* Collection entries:
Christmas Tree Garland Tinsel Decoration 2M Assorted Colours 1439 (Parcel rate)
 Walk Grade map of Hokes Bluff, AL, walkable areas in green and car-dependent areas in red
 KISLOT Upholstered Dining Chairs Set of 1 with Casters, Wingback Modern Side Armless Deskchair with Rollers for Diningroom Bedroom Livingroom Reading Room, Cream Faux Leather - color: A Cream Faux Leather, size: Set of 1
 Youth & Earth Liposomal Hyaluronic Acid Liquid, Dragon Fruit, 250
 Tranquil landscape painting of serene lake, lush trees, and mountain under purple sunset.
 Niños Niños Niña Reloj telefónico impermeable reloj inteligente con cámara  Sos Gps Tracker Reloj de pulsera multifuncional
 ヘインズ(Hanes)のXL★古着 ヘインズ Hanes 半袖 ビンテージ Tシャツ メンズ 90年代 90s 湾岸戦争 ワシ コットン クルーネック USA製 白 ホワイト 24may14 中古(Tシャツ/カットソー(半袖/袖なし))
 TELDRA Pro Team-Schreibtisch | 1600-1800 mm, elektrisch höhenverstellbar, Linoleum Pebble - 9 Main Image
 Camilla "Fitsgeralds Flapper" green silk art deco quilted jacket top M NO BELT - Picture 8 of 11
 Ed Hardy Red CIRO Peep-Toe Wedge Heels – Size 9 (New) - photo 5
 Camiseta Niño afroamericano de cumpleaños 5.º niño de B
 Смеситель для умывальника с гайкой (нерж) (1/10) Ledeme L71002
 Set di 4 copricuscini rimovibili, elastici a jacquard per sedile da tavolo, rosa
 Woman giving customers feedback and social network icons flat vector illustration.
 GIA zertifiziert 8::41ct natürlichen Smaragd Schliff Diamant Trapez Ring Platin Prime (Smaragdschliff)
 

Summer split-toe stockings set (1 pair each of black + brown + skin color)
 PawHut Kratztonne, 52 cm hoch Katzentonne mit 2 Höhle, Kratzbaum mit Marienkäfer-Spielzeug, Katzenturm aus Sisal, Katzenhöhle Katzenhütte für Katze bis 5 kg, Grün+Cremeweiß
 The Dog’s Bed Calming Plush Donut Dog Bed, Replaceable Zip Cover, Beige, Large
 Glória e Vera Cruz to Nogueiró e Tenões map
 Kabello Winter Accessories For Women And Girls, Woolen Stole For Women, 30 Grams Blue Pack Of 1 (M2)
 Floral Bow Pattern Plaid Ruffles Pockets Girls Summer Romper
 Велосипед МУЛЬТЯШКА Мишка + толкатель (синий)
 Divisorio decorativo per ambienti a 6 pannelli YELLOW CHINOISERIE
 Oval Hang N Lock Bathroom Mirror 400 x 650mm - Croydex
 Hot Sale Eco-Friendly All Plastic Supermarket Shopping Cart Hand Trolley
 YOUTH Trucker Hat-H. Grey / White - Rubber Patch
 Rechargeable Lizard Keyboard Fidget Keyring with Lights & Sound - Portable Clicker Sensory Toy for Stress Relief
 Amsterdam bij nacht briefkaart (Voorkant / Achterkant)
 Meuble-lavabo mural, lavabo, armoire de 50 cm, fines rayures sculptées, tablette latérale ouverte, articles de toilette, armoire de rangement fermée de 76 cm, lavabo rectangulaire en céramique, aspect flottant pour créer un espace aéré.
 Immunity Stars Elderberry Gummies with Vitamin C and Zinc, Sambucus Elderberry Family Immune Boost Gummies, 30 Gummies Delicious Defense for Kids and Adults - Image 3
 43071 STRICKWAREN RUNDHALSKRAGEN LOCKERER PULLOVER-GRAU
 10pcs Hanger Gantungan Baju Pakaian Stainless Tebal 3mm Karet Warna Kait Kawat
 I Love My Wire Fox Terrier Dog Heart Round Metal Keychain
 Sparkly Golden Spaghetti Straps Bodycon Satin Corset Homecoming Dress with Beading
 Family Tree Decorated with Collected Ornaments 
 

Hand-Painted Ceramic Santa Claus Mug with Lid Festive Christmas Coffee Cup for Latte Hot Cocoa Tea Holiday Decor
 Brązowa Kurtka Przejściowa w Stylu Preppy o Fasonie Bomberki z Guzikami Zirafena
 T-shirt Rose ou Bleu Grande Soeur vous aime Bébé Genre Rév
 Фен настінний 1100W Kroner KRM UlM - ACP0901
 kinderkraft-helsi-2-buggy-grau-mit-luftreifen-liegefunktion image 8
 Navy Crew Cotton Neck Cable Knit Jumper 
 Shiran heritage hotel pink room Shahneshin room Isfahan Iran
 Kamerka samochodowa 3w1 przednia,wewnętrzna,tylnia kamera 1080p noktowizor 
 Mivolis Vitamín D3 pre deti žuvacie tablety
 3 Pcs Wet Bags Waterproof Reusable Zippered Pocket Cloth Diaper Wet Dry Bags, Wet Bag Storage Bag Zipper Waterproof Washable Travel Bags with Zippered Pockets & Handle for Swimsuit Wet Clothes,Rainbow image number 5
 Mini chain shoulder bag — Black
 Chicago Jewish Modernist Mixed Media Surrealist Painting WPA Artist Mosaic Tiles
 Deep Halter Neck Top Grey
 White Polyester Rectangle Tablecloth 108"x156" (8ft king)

* Work instructions: In the data above, start at the line that has "TELDRA Pro Team-Schreibtisch", stop after the line that has "Summer split-toe stockings", and print every line in between exactly as it stands.

* Reply:
 TELDRA Pro Team-Schreibtisch | 1600-1800 mm, elektrisch höhenverstellbar, Linoleum Pebble - 9 Main Image
 Camilla "Fitsgeralds Flapper" green silk art deco quilted jacket top M NO BELT - Picture 8 of 11
 Ed Hardy Red CIRO Peep-Toe Wedge Heels – Size 9 (New) - photo 5
 Camiseta Niño afroamericano de cumpleaños 5.º niño de B
 Смеситель для умывальника с гайкой (нерж) (1/10) Ledeme L71002
 Set di 4 copricuscini rimovibili, elastici a jacquard per sedile da tavolo, rosa
 Woman giving customers feedback and social network icons flat vector illustration.
 GIA zertifiziert 8::41ct natürlichen Smaragd Schliff Diamant Trapez Ring Platin Prime (Smaragdschliff)
 

Summer split-toe stockings set (1 pair each of black + brown + skin color)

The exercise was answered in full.